Supplied data: Begin
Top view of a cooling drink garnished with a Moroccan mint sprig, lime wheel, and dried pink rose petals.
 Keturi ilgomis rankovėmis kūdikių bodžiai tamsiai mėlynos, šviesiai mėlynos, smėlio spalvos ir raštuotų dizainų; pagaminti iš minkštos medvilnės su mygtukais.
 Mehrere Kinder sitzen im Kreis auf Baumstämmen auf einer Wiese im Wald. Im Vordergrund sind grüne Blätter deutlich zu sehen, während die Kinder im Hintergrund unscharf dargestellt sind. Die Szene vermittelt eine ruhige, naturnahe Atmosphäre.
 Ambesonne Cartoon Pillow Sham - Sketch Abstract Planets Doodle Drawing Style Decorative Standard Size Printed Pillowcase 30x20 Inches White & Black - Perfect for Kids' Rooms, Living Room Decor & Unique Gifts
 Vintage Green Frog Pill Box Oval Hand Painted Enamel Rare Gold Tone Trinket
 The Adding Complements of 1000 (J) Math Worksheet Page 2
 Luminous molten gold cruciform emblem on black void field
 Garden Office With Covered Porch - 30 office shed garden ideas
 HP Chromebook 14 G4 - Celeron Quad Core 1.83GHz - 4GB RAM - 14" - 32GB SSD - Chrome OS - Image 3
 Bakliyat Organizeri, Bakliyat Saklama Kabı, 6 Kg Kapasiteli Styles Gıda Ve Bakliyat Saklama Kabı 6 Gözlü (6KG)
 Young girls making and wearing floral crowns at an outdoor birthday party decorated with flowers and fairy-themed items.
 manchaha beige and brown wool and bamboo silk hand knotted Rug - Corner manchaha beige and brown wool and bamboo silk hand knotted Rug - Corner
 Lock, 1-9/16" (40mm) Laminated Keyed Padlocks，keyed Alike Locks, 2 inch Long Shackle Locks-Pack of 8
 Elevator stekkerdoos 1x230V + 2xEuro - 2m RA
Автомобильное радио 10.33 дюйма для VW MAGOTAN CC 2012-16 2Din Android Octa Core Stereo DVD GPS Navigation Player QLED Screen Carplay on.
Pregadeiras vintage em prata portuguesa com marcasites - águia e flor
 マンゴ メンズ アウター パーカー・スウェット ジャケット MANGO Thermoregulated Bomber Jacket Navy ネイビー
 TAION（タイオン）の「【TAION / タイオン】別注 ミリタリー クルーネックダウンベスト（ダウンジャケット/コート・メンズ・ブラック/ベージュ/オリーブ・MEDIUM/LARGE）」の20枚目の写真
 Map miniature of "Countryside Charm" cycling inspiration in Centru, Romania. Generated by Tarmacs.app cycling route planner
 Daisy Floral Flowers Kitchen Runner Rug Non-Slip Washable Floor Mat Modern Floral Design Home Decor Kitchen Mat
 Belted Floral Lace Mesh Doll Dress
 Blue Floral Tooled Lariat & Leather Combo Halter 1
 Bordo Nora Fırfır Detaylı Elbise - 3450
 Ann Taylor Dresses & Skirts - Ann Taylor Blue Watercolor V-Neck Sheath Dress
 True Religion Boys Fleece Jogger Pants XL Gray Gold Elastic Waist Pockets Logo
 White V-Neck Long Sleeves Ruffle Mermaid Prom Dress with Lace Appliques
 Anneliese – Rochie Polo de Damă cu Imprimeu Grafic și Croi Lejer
Supplied data: End
▶ Assignment: Say how many lines of the records contain the word "Blue", and give no other output.

▶ Worked solution: 2